Get more out of life online in 40 days and 40 nights
With our New Year's resolutions long since forgotten, for many, the looming Lent season means yet another cause to be miserable. Whether it's sweet treats or the sugar in your tea, something has to give as we take our vow of abstinence.
But the ritual of giving things up - and returning to them at Easter - is difficult. In the digital age, it's easier to make a promise for Lent, and turn over a new pancake as you change your life for good. You can use it as a chance to be a better, more efficient and more responsible web user - even if it does only last 40 days and 40 nights.
Follow our straightforward guide to make this year the one where you stop trying to cut out your favourite snack, and give your virtual life the spring clean it needs. Our suggestions will help you kick habits, get more from your broadband and may even improve your career and family life.
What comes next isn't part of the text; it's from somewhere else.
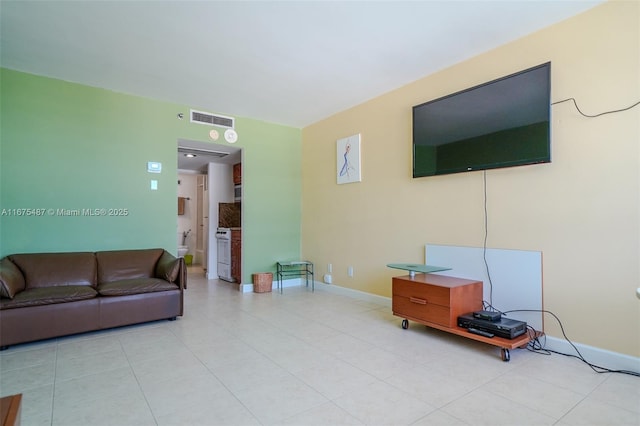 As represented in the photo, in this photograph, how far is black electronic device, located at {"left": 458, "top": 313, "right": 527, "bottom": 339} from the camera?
2545 mm

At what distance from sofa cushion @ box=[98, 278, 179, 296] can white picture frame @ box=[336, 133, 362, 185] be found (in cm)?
263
Here are just a dozen alternative vows that will keep you busy and your mind off chocolate this Lent:
Family and friends
The internet's handy for lots of things, but perhaps most useful for keeping in contact with loved ones. You can track down long lost relatives and even rekindle old flames. For peace of mind there are always 'Delete' and 'Block' buttons on hand should relations ever fray.
1. Stay in touch like you said you would - There's no escaping Aunt Mildred. She's on Facebook now, and when she's finished tending her FarmVille crops she'll flood your wall with embarrassing comments. In all seriousness, it's never been easier to keep in touch with our friends and family. Facebook aside, there's Skype for making free international video calls and with emails you'll never have to lick a stamp again. Yes, we're all very busy these days - even Aunt Mildred has less Angry Birds time than she used to - but with these social tools at our disposal, there's no longer an excuse for drifting apart.
2. Research the family tree - We've all watched the soap stars getting tearful on Who Do You Think You Are? - if not, you can probably catch it on BBC iPlayer - and thanks to the internet, you too can learn that your ancestors died in bizarre or, more likely, totally normal circumstances. In fact, the web's an invaluable resource for helping you to discover your origins. Census records for the UK from 1841 to 1911 are available online from the National Archives website, perfect for getting you started. Sites like Ancestry.co.uk and Genes Reunited can then help complete the picture.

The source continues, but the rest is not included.